L’administration Biden avait fait des efforts pour réglementer les technologies. Cela reflétait en partie la perception que les grands acteurs s’étaient concentrés sur l’exploitation de leurs bases de clients – un processus décrit de manière mémorable par Cory Doctorow comme l’ enshittification. Il s’agissait en partie d’une prise de conscience croissante des dommages psychologiques et sociaux souvent associés à l’utilisation d’Internet.
Mais les patrons des entreprises technologiques ont réagi avec rage un peu comme les patrons des banques avaient réagi face à Barack Obama après la crise financière de 2008-2009.
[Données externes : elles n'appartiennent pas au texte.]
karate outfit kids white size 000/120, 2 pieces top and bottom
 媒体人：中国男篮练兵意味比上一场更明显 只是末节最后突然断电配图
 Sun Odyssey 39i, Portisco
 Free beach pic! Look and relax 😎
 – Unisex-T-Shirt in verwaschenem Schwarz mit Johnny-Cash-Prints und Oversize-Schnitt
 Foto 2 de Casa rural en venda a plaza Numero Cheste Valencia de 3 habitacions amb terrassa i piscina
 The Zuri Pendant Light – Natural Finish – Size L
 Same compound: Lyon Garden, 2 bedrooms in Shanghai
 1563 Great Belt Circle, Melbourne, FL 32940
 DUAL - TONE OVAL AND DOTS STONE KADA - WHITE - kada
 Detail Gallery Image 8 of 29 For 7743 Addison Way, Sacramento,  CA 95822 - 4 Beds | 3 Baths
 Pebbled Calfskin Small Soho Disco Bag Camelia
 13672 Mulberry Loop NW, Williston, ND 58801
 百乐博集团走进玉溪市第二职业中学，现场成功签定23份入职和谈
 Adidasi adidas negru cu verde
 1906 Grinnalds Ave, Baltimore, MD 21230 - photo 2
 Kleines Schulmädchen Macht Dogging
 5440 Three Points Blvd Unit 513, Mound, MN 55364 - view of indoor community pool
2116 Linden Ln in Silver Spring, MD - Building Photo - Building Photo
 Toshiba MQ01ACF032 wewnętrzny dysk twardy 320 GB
Mais, poursuit Paul Krugman, leur rage n’aurait pas d’importance si leur richesse n’était pas si vaste et si nous n’avions pas un système politique aussi corrompu par l’argent. Dans une société plus égalitaire avec une démocratie moins corrompue, les gens qui expriment les opinions que nous entendons de la part de Peter Thiel ou de Marc Andreesen seraient traités comme des excentriques. En fait, ils cacheraient probablement leurs opinions.
L’image de la Silicon Valley et des sociétés de l’Internet s’est considérablement retournée ces dernières années.

« Si nous avons aujourd’hui un discours politique qui met en avant des idées folles, c’est parce que nous avons un système politique qui a rendu des fous incroyablement riches et leur permet de traduire cette richesse en pouvoir » conclut-il.